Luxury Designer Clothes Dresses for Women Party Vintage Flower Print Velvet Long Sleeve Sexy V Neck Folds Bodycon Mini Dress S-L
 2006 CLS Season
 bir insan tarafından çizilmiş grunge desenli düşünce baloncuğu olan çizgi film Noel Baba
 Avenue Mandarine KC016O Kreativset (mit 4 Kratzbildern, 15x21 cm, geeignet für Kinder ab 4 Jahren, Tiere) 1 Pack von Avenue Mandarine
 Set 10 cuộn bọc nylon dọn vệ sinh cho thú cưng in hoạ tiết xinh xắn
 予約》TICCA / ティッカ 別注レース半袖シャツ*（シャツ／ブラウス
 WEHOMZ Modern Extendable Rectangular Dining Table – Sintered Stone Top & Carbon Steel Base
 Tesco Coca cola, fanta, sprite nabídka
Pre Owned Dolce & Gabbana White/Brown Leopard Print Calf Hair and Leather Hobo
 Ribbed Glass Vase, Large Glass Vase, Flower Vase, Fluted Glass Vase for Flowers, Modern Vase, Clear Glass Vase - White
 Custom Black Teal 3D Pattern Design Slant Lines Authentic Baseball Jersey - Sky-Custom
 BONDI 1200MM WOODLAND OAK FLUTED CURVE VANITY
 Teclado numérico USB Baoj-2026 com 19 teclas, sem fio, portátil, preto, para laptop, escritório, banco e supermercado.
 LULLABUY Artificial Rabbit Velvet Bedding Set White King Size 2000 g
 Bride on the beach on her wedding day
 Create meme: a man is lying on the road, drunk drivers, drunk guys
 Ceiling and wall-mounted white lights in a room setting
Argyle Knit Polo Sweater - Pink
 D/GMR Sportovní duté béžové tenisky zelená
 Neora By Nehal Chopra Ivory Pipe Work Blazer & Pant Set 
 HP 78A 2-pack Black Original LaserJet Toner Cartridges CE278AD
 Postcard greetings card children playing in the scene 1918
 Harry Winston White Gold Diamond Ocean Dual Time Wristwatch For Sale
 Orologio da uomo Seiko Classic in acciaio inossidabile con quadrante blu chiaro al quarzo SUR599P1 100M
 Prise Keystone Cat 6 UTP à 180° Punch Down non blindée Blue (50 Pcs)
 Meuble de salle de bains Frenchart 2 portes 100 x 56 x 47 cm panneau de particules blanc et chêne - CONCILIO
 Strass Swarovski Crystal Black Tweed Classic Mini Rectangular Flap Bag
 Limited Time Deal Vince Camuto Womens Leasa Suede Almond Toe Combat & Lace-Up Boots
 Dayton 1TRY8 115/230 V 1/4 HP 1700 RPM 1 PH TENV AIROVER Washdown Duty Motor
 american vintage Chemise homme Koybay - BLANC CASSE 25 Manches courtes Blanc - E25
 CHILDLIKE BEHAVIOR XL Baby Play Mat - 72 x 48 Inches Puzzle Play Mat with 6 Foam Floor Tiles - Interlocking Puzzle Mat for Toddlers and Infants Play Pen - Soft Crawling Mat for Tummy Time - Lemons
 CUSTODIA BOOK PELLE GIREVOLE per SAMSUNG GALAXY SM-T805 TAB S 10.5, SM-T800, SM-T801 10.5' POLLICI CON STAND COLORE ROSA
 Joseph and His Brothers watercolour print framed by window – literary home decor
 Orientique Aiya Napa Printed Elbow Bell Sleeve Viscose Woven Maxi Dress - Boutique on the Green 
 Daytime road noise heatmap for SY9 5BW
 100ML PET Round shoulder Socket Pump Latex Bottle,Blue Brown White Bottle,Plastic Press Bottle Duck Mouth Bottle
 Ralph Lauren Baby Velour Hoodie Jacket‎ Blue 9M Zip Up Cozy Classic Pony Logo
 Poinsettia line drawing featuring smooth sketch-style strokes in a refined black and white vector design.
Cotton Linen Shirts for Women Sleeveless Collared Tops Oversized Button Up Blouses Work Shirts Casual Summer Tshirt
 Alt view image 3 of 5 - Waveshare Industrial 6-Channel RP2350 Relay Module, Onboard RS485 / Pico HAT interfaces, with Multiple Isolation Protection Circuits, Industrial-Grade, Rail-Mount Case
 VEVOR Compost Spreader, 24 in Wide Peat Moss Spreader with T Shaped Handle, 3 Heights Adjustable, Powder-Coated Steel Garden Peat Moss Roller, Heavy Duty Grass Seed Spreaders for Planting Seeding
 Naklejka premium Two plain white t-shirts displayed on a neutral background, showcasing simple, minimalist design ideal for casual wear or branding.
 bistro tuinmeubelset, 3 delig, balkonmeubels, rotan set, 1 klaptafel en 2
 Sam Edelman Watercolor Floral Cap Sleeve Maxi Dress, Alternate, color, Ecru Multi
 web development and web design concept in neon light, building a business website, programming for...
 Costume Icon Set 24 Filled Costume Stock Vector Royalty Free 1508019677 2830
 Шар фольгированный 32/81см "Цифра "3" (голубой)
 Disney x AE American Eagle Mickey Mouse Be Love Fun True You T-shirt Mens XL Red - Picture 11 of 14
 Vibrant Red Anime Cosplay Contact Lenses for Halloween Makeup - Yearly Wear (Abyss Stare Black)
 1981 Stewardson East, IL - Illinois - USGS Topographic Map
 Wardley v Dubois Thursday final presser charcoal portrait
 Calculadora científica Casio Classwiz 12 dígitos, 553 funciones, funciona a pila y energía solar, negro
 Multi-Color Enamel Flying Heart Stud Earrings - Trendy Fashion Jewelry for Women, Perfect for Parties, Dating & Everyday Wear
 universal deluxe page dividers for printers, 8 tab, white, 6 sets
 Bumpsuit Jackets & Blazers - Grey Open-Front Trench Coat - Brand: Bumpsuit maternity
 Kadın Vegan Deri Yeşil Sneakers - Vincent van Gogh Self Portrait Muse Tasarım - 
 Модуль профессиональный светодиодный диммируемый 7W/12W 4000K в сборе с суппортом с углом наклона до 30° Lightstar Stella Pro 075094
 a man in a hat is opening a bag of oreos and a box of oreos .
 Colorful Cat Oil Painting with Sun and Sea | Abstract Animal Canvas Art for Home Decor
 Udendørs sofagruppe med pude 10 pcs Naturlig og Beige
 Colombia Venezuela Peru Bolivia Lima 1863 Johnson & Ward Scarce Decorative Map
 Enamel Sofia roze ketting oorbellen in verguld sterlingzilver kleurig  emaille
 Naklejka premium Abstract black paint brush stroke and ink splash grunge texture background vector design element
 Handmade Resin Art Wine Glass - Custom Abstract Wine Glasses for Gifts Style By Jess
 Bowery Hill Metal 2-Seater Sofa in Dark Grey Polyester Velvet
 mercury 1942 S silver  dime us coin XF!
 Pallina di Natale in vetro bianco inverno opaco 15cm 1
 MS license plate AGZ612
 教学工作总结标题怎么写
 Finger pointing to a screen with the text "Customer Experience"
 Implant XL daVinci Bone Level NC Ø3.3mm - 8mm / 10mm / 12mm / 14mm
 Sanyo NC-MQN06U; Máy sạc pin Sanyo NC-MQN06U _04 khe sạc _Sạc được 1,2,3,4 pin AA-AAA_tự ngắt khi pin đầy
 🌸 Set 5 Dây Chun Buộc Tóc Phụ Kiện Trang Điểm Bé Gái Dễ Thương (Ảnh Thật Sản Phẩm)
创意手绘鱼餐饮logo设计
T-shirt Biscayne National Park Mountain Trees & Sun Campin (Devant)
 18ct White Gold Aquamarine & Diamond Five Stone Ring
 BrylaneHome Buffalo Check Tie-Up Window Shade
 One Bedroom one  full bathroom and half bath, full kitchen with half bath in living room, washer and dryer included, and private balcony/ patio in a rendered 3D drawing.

### Exercise description
Read through the records above and copy the lines that contain "Blue".

### The answer
 Prise Keystone Cat 6 UTP à 180° Punch Down non blindée Blue (50 Pcs)
 100ML PET Round shoulder Socket Pump Latex Bottle,Blue Brown White Bottle,Plastic Press Bottle Duck Mouth Bottle
 Ralph Lauren Baby Velour Hoodie Jacket‎ Blue 9M Zip Up Cozy Classic Pony Logo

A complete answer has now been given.